O clima da casa inteira parecia ter mudado assim que colocaram os pés no ambiente, o ar parecia mais leve, a luz parecia mais enérgica, a decoração parecia mais bonita, a energia parecia mais vibrante. Era como se tudo estivesse finalmente encaixado, como se alguma peça fora do lugar, finalmente tivesse encontrado seu caminho de volta.

Antônio parecia, pela primeira vez nos últimos dias, o mesmo de antes. O homem feliz e amoroso que ela conhecera, o amigo atencioso e carinhoso, o homem que ela sabia que a protegeria de um exército inteiro se fosse preciso, aquele que entrou de fininho em seu coração e dominou cada espaço dele silenciosamente, o homem que ela se apaixonou sem nem ao menos notar.

A noite de sábado pareceu até atípica, jantaram juntos e conversaram... Nada que, anteriormente, não fosse extremamente comum, mas que agora parecia até nostálgico. Era impressionante a forma como a distância os afetava em níveis completamente fora dos parâmetros. Estavam tão habituados a estarem juntos que uma semana distantes um do outro soava como meses a fio de uma dolorosa separação.

E não se tratava da distância física.

Amanda e Antônio já haviam ficado distantes geograficamente um do outro antes, afinal, Miami era a casa dele e São Paulo, a dela. Isso nunca foi um empecilho.
Apesar da saudade, a conexão que possuíam sempre foi mantida viva, talvez até de forma mais intensa. Todas as vezes em que ele retornou para os Estados Unidos, ambos se esforçaram ao máximo para estarem presentes um para o outro de todas as formas possíveis. Se falavam em todas as oportunidades, enviavam fotos do que faziam o dia inteiro, se Amanda não estivesse de plantão, habitualmente, havia um chamada de vídeo antes de dormir. E ela sempre enviava um presente antes de cada luta! Podia ser qualquer coisa, mas sempre com um significado, sempre algo que o ajudasse a se lembrar de quem era ou de que ele tinha pessoas que o amavam independente de que pudesse acontecer.

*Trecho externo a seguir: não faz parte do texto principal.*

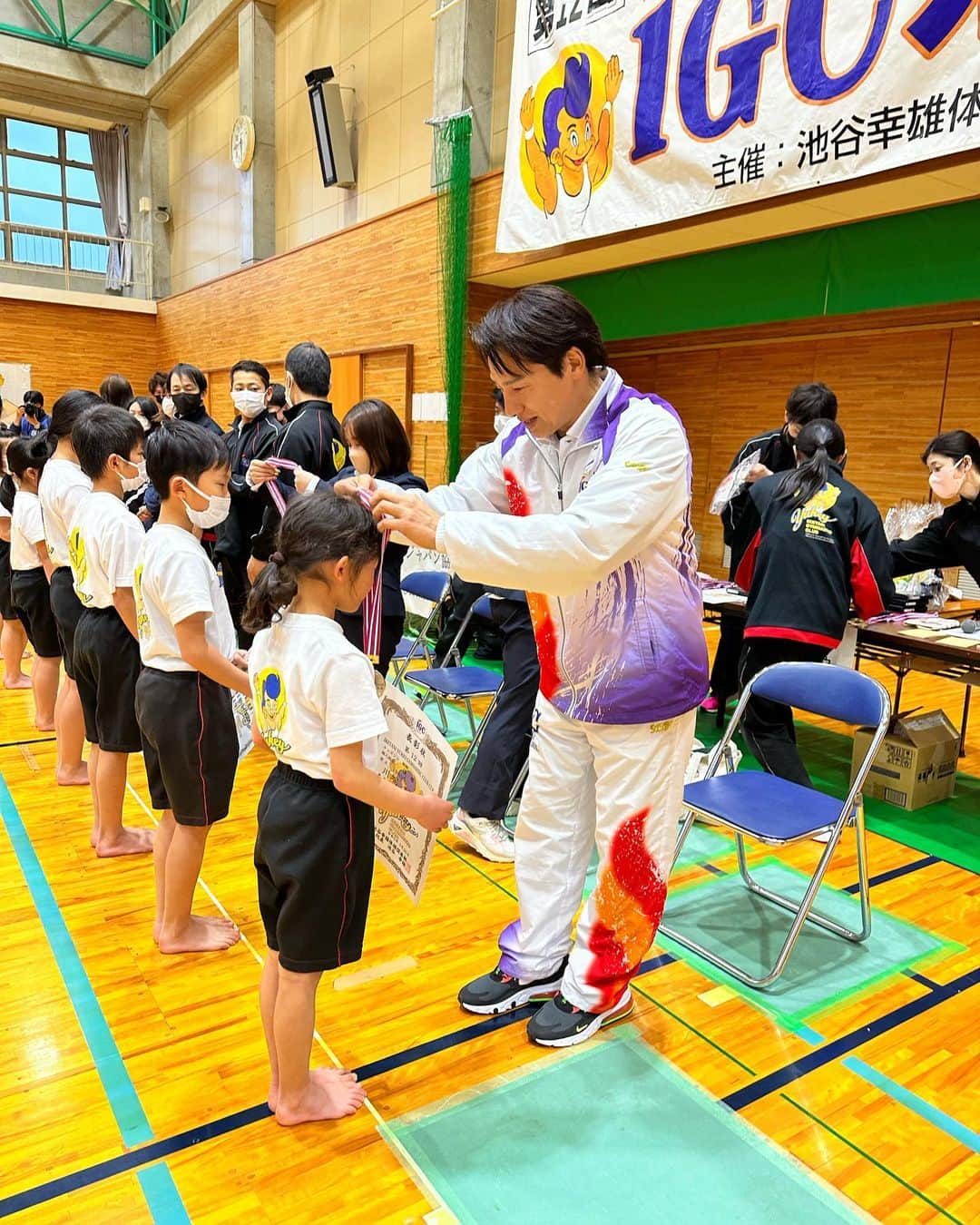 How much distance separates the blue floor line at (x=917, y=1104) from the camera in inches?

Mas dessa vez, mesmo dormindo em quartos um ao lado do outro, se sentiram mais afastados do que os quase sete mil quilômetros que separava suas residências. Por que, dessa vez, a distância foi emocional e este era um sentimento que nenhum dos dois havia provado até então.

O gosto era amargo.

Talvez fosse por isso que Amanda cedeu tão facilmente, ou simplesmente porque o amava tanto a ponto de nunca conseguir realmente sentir raiva dele. Se sentiu triste e magoada, sim, mas a raiva se dissipava tão rápido quanto algodão doce se dissolvendo em água.
Mas ela não sentia que o havia perdoado fácil demais, pelo contrário, tudo que ela queria e tudo que precisava era saber que ele se arrependia e isso ficou nítido no tom de voz, na expressão corporal e principalmente, nos olhos dele. Amanda sabia ler cada detalhe de quem ele era e sabia que o pedido de desculpas carregava o peso da mais excruciante sinceridade que ele poderia proferir.
Nada além disso era necessário. Nunca foi. A relação deles era pautada na confiança, na solidariedade e na reciprocidade. Se isto estivesse em equilíbrio, então, estavam bem. O que não significava que as palavras dela não fossem ser levadas a sério, realmente não toleraria que ele tornasse a repetir as atitudes.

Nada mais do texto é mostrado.